In the book, Maynard describes some of the personal turmoils that left her vulnerable to such an experience. She relates some of the advice that Salinger shared with her about her writing. She lets us see the good side as well as the bad side of the man, but this book is primarily about her-looking back to see where she came from and make sense of where she has arrived. Overall, the story is engaging and compelling.


Rating: 2 stars
Summary: More of that David Copperfield kind of cr*p.
Review: Depressing. J.D. Salinger pictured as he no doubt really is - a self centered jerk who has inappropriate attractions to younger women. Hard to enjoy his writing after reading this. I do admire her courage in writing this book- I just wish I hadn't read it.

Rating: 5 stars
Summary: Spot the Phony
Review: This is a don't miss, one of the best autobiographies of the last decade. Joyce Maynard's subject, here and elsewhere, is Joyce Maynard. It is a subject she knows better than any other and, like the high Romantics, her study of the self (at its best) ripples out to encompass and illuminate a larger world. Here she is definitely at her best.

The experiences with Salinger add subsidiary interest and a touch of scandal, though her experiences within her family are also instructive. The hissy fits thrown by some reviewers demonstrate their preference for ignorance and secretiveness when one of their icons is in the dock. In an age of unending self-indulgence and self-reflection, not to mention the near total politicization of letters, one can hardly exaggerate the degree of hollowness in the claims that one should consider the art alone and leave the private activities of the artist behind closed doors.

As one of Amazon's astute reviewers noted, if you don't want your activities to end up in print, don't be so foolish as to seduce and abandon a journalist.

The most delicious dimension of the book is its subtext. What Joyce Maynard is, of course, doing, is rewriting CATCHER and recording the details of the discovery of the biggest phony of them all, the landsman as virtual child molester.

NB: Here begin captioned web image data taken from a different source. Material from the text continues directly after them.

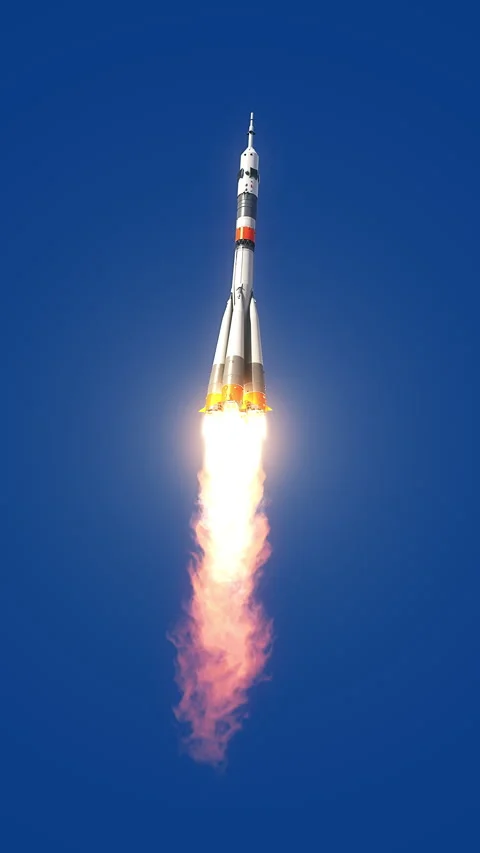 Carrier Rocket Takes Off In Blue Sky Stock Footage 302839714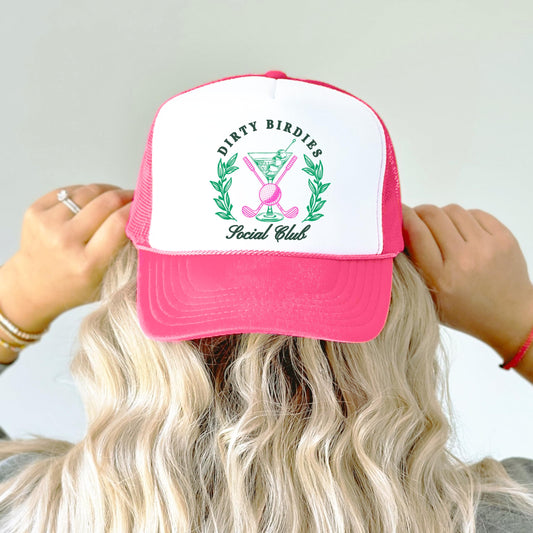 Dirty Birdies Social Club Funny Golf Women's Classic 5 Panel Mesh Snap Back Trucker Hat
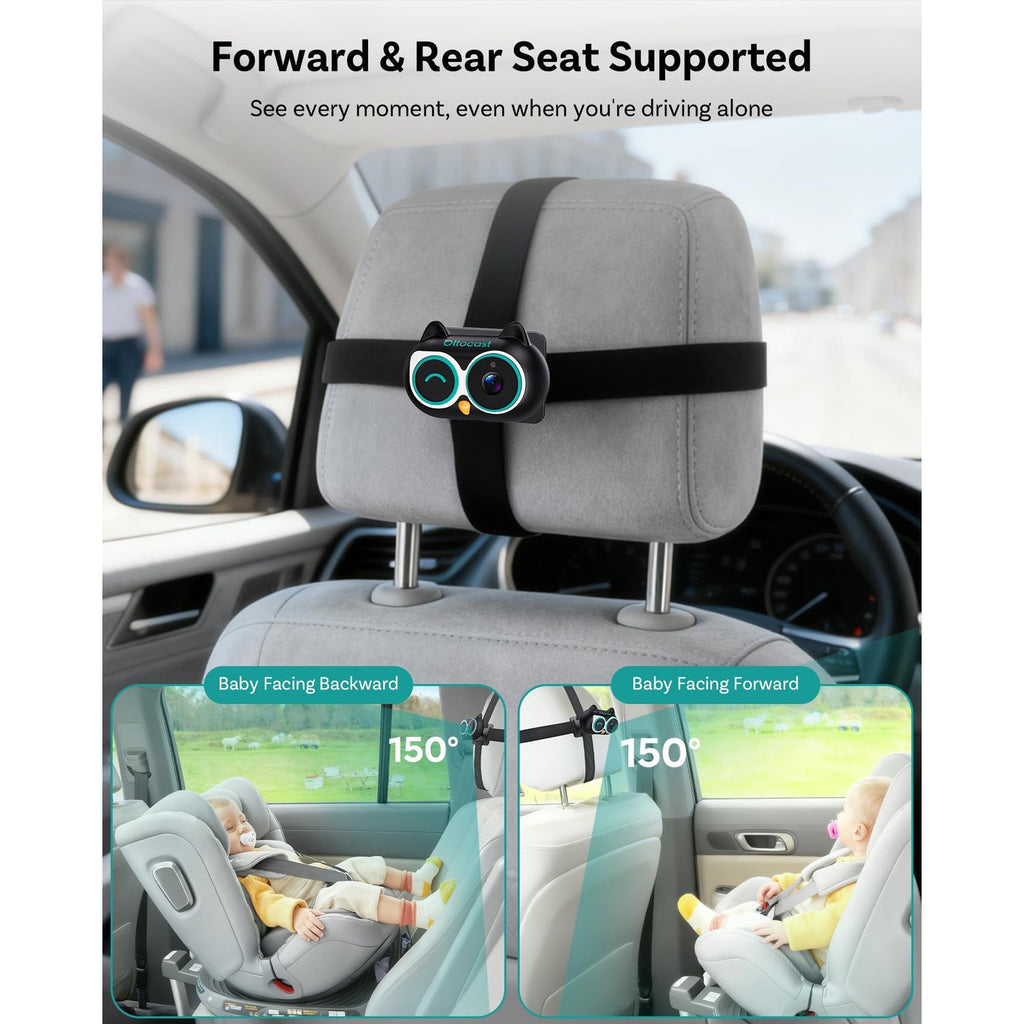OTTOCAST Cabin Care Baby Camera for Car, 1080P Baby Car Camera with HD Night Vision, Wireless CarPlay Adapter, 150° Wide Angle, Real-Time Rear Seat Monitor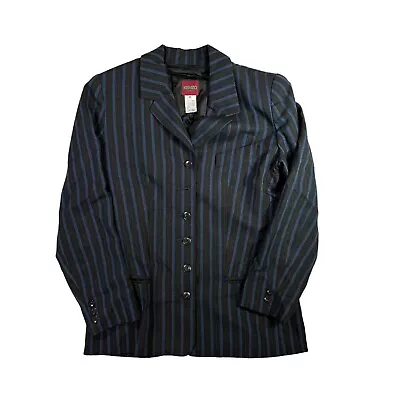 Vintage KENZO Wool Black Blue Striped Blazer Jacket Women’s 38 • $39.99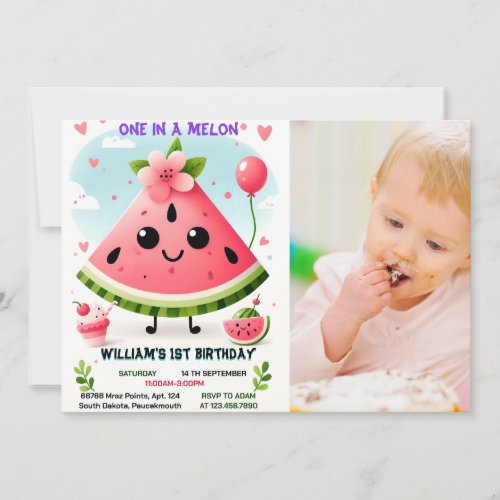 pic pink summer one in a melon first 1st birthday invitation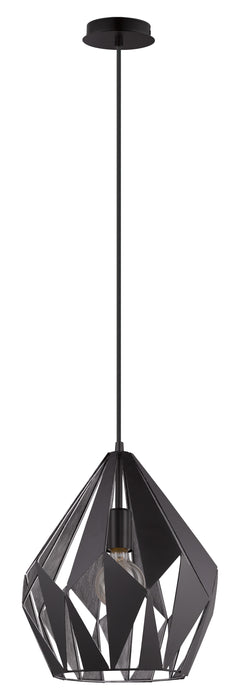 EGLO 49255A Carlton 1-Light Geometric Pendant w/ A Black Outer Finish & Silver Interior Finish, 60W A19 Main Image.jpg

The blame-the-female-victim response of reviewers one might expect more from serves as a kind of coda, one that Joyce Maynard was surely shrewd enough to anticipate. They went for the bait like hungry trout, demonstrating their own phoniness and complicity in a literary culture obsessed with victimology but unable to stomach its realities when it hits just a little too close to home. Joyce didn't even have to turn on the lights which revealed their convenient forgetting of their own ideologies; they grabbed at the switch all by themselves.

One doesn't often see the joining of high Romantic practice with the techniques of the modern journalist. Here one sees them in ways so expert and so exquisite that all one can do is urge others to share the view. Get out your lamb patties and your homeopathic nostrums and watch one very cool customer play Spot the Phony.